4- Gestion des risques : L’IA améliore la gestion des risques grâce à des simulations de stress avancées permettant des projections avancées du bilan (par exemple, à travers la mesure de l’Economic Value of Equity) ainsi qu’à l’élaboration de stratégies de couverture efficaces, telles que l’utilisation de futurs, de swaps et d’options, afin de minimiser l’impact des fluctuations du marché.
Dans le domaine sensible de la gestion actif-passif, l’intelligence artificielle apporte des avancées significatives. Des techniques comme l’apprentissage automatique et le traitement du langage naturel permettent une analyse plus fine des données financières pour identifier les tendances et les risques. L’IA, à travers des méthodes telles que le Deep Learning et le Data Mining, est essentielle pour simuler des scénarios de marché complexes et stresser le bilan, permettant ainsi une meilleure compréhension des risques.

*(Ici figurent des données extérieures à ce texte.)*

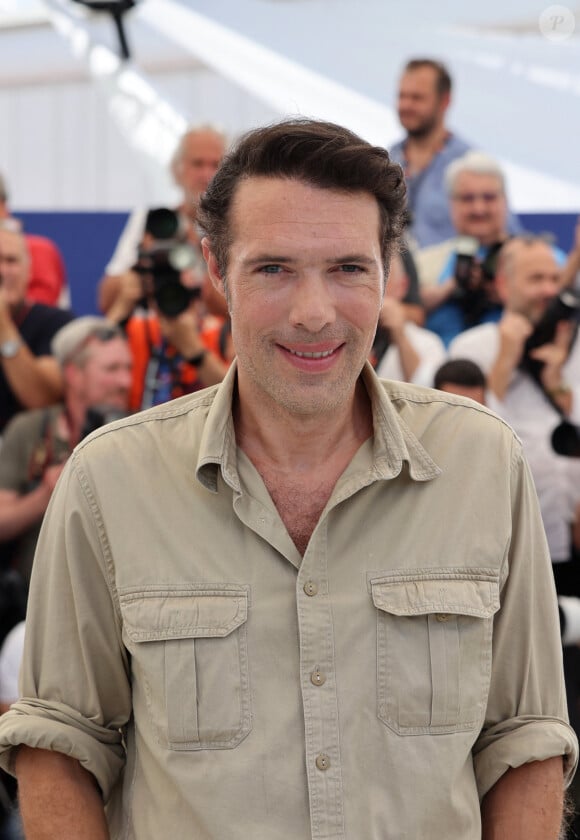 Naissance - Nicolas Bedos est papa pour la première fois d'une petite fille - Le réalisateur Nicolas Bedos au photocall de "Mascarade" lors du 75ème Festival International du Film de Cannes, le 28 mai 2022. © Dominique Jacovides / Bestimage  Celebrities at the photocall of "Masquerade" during the 75th International Cannes Film Festival. May 28th, 2022.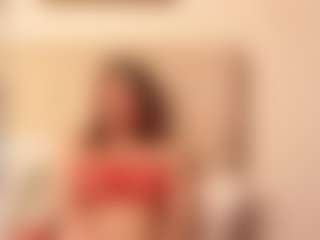Live cam show with CassieHilton - Thin on SinfulBabes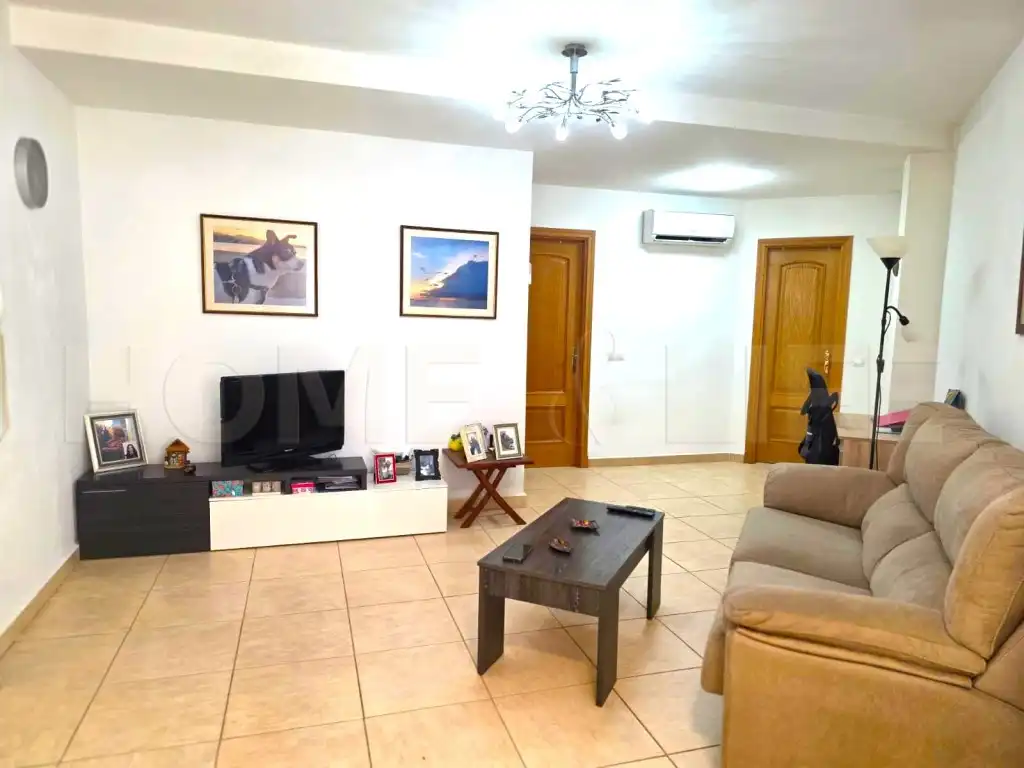 Sala de estar de Apartamento en venta en Torremolinos con Aire acondicionado y Amueblado
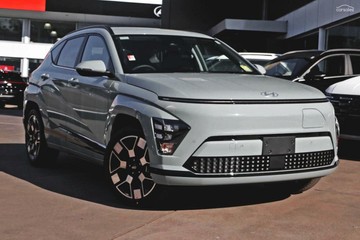 https://vehicle-cdn.autoleague.cloud/23977_620264021_2.jpg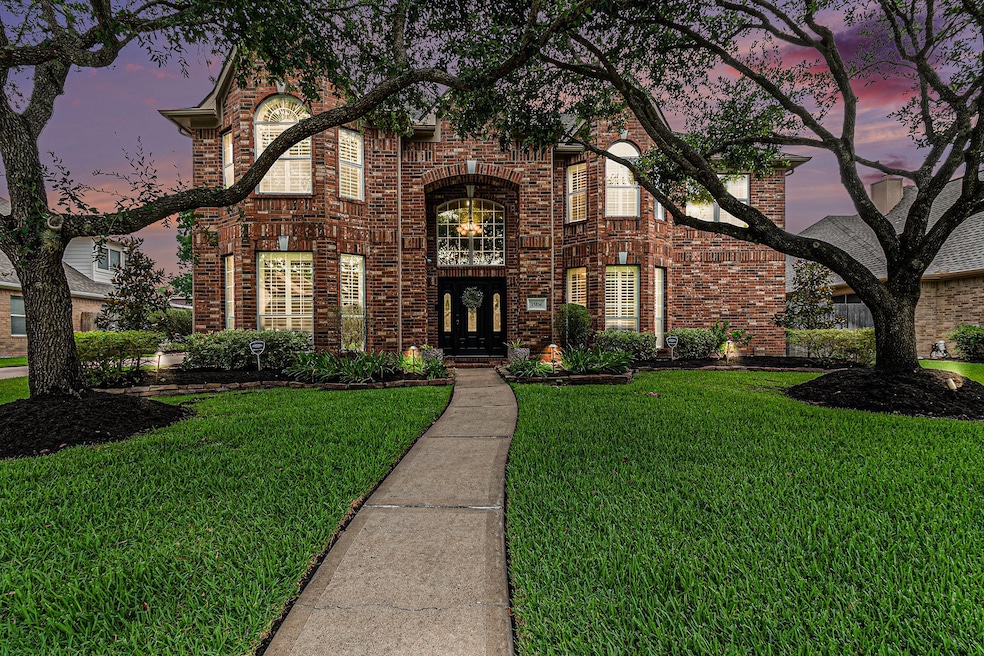 Pending $685,000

En parallèle, les systèmes experts renforcent l’efficacité de la gestion bilantielle, enfin l’adoption du RPA permet d’automatiser les tâches répétitives pour la production des reporting et des ratios réglementaires. Ensemble, ces outils permettent une compréhension holistique des enjeux et marquent une évolution stratégique dans le monde de l’ALM.
3) Et si la Silicon Valley Bank (SVB) avait été dotée d’une IA ALM?
Les déboires de Silicon Valley Bank en mars 2023 ont mis en évidence les écueils d’une mauvaise gestion ALM. Par exemple, une absence de politique de couverture de taux, des actifs à long terme couverts avec des passifs à court terme, une concentration géographique et sectorielle des sources de financement… qui ont entrainé la faillite. Pour éviter ce naufrage, une saine gestion assistée par une IA aurait pu jouer plusieurs rôles clés :
- Détection du risque de taux : grâce à ses capacités d’analyse prédictive, l’IA aurait pu détecter une augmentation du risque liée à un portefeuille d’investissements concentré sur des actifs à long terme (T-bonds, RMBS) qui ont enregistré de fortes pertes dûes à la hausse des taux directeurs.
- Analyse de scénarios : des modèles auraient pu être utilisés pour simuler des scénarios de stress extrêmes qui auraient aidé la banque à comprendre l’impact potentiel de divers événements comme le resserrement monétaire et la détérioration des conditions de financement.
- Gestion dynamique du bilan : l’IA aurait pu aider à équilibrer dynamiquement le bilan en surveillant les ratios de liquidité et en recommandant la diversification des actifs ou la restructuration des passifs (qui aurait réduit la dépendance liée aux dépôts clients).
- Prévisions des flux de trésorerie : pour faire face aux retraits importants des comptes de dépôt, des systèmes d’IA sophistiqués auraient pu comprendre les arbitrages de la clientèle et donc anticiper les sorties de trésorerie, aidant la banque à maintenir une liquidité optimale.
En conclusion, via une maîtrise parfaite des hallucinations, des biais informationnels et des risques de l’humain augmenté, l’IA semble être un outil redoutable dans le domaine de la gestion des risques bancaires où le volume de données utilisées est particulièrement conséquent. Pour le reste, certes, nous espérons ne pas nous tromper, mais l’histoire le dira.